However, since the projection may tilt during the cutting at a
hardness of 30 Hv or lower, the hardness of the wire is preferably
30 Hv or higher.
[0135] In this embodiment, the point of time when the diameters of
the cut faces of all of the stud bumps become equal to or larger
than the wire diameter is regarded as the end point of the cutting.
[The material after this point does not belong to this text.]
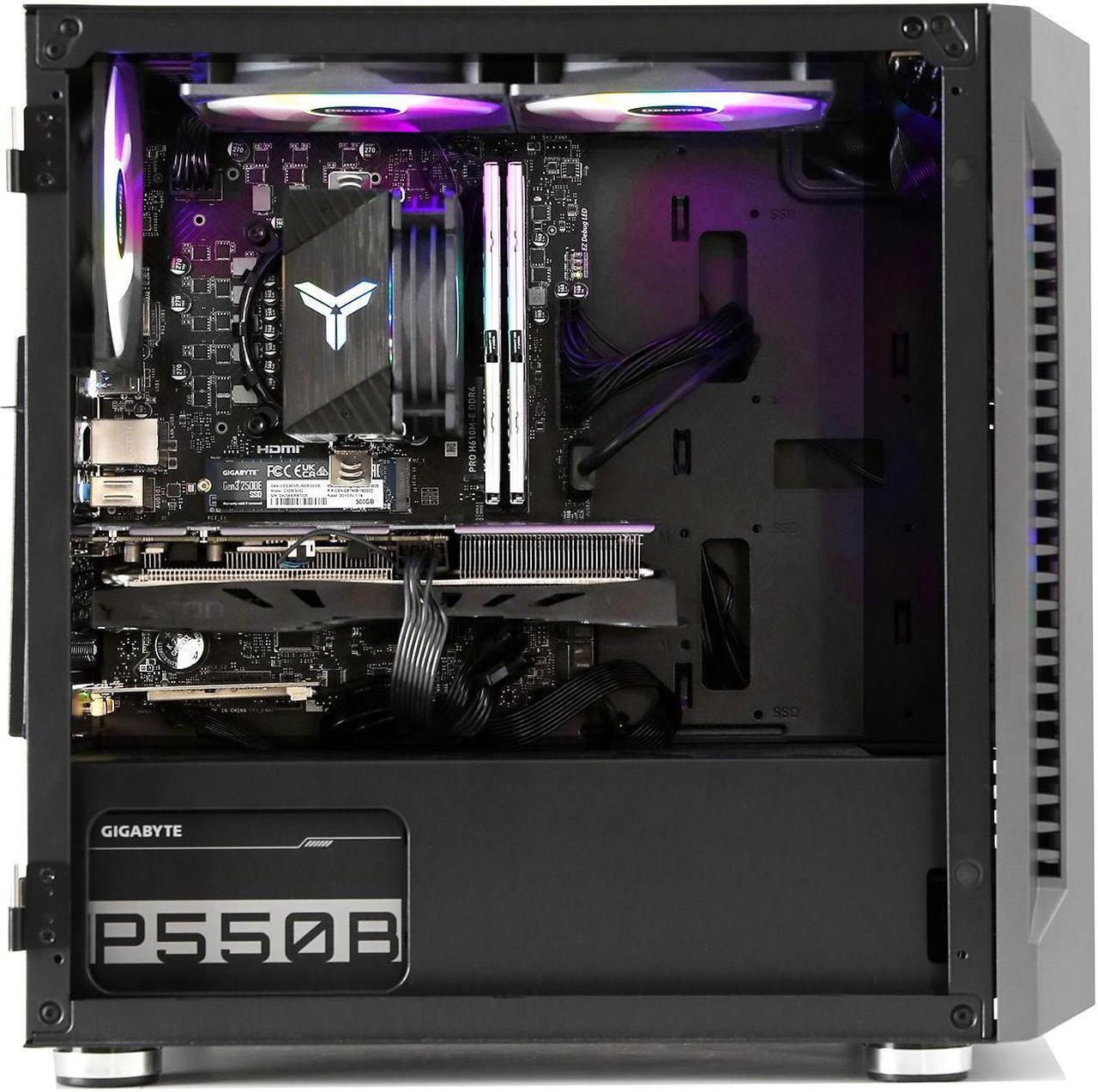 Alt view image 5 of 7 - MXZ Gaming PC Computer Intel Core i5 13400F 3.6GHz,  GeForce RTX 4060, 8GB*2(16GB) DDR4, NVME 500G, 5RGB Fans, Windows 11 Pro Ready to use, Gamer Desktop Computer (I5 13400F| RTX 4060))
Generally, the stud bumps after the precut greatly vary in height,
and therefore it is difficult to verify the point of time when the
diameters of the cut faces of all of the stud bumps become equal to
or larger than the wire diameter. The suitable cutting method is
one driving the tool by 1 .mu.m to 3 .mu.m from a point where it
comes in contact with the highest bump to thereby expose all of cut
faces by the tool, but it is inefficient to verify every time the
cut face in a camera image or the like.
[0136] Hence, this embodiment employs, as an end point detecting
method, a method of sweeping a laser beam across the top surfaces
of the stud bumps 54 after the cutting through use of a detecting
apparatus including a laser emitter 61 and a detector 62, and
detecting the laser reflected off the top surfaces by the detector
62, as shown in FIG. 15A.
[0137] Then, the processing is repeated until after the detected
laser intensity reaches a predetermined level at all of the Au
projections 53 as shown in FIG. 15B. Preferably, this detecting
apparatus is placed at a rear in the traveling direction of the
cutting tool and travels in synchronism with the cutting tool. The
top surfaces (cut faces) of the stud bumps 54 are formed into
substantially mirror surfaces and thus totally reflect the laser
light and the like. In the case in which the detecting apparatus is
in synchronism with the cutting tool, all of the reflected light is
not always detected, in the strict sense, because there occurs a
delay in proportion to the traveling speed of the cutting tool, but
substantially all of them may be assumed to be detected because the
cutting speed is over 10 m/s at the highest.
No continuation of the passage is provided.